Again, stress cannot be eliminated but it can be managed. Keep in mind that you not only have to manage your stress, but your children’s stress too.  

I learnt to take breaks to relax and recharge my batteries. Yes, taking breaks is a skill we should master. I take small breaks (10 to 15 minutes) between activities usually every 2-3 hours throughout my day, in particular before and after “stressful” events, such as a difficult meeting at work, or after being at the dentist. Even if I only have a few minutes to spare I take advantage of those minutes by sitting down, sipping a cup of coffee or tea, having a little walk at the park, clearing my head and taking deep breaths.
I also take medium breaks (1 to 2 hours). I take these breaks at least once a day even if it is just relaxing in front of the TV or with a good book after the kids went to sleep. I love large breaks: Imaging an entire day for yourself! I take these breaks at least 2-3 times per month, preferably, once a week. And finally, I’m crazy about extra-large breaks: 3 to 5 days minimum. Plan a VACATION! You deserve it.
What can you do during those breaks?
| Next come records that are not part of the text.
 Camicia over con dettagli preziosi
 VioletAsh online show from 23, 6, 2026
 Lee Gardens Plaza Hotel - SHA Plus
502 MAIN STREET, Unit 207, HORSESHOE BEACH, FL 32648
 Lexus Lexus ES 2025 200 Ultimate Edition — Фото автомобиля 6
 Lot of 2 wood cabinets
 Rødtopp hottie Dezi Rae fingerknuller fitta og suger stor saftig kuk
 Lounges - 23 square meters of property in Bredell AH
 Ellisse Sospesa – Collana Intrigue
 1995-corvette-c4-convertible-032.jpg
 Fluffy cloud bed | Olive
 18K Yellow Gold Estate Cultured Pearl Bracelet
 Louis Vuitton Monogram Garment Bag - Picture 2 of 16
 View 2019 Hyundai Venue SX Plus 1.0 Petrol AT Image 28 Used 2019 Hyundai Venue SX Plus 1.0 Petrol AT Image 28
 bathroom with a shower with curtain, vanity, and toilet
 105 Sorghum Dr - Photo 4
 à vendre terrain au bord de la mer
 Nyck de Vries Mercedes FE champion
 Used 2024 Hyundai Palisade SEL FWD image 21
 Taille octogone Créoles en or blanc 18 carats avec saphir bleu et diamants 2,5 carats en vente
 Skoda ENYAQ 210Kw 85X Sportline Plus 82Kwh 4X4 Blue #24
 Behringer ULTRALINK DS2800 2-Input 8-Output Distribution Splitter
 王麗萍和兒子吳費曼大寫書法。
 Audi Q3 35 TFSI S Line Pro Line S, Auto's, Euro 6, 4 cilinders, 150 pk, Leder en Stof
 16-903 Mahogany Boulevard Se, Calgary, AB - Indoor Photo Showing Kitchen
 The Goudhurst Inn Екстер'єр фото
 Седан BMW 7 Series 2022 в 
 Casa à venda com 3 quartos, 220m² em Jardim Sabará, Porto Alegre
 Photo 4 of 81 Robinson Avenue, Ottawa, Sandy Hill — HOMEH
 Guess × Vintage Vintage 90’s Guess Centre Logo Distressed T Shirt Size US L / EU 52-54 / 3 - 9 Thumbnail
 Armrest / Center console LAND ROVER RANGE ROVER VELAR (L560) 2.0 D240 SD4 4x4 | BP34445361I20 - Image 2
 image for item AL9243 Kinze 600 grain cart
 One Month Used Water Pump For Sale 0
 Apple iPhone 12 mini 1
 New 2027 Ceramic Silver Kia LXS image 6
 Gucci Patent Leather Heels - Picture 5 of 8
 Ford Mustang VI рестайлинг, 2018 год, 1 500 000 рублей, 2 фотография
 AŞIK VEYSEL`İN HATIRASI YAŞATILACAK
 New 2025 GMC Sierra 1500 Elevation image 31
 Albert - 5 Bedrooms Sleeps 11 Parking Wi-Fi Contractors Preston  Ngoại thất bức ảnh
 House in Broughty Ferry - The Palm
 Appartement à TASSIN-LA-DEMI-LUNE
Make a list of relaxing activities that you enjoy. If you put it in writing, you are more likely to actually take the time to enjoy your breaks.
The only way to ensure that you will get needed breaks is to schedule these breaks in advance. If you wait until you have time it will never happen – something will always come up. You don’t wait until your car runs out of gas to stop and fill the tank. Don’t you deserve at least the same treatment than your car?

Do not try to do it all by yourself. Delegate and seek appropriate support and professional help when necessary. And learn to say “NO”, Do not overextend yourself.  
Important: “NOT TO DO” lists: Eliminate the clutter in your mind and in your environment. Too much “stuff” in your head and around you takes away your energy. Decide what you are going to stop doing and keep a separate list to remind yourself. For example, schedule specific times to read and answer emails, and let the voice mail answer your calls. If you jump to your email as soon as you hear “You’ve Got Mail”, you’ll never finish anything. When tasks “not done yet” accumulate it can be very stressful.
Attention: Expecting your hungry kids to wait until you to finish your call it’s a sure disaster. Make your calls when they are hypnotized in front of the TV or playing with Daddy. 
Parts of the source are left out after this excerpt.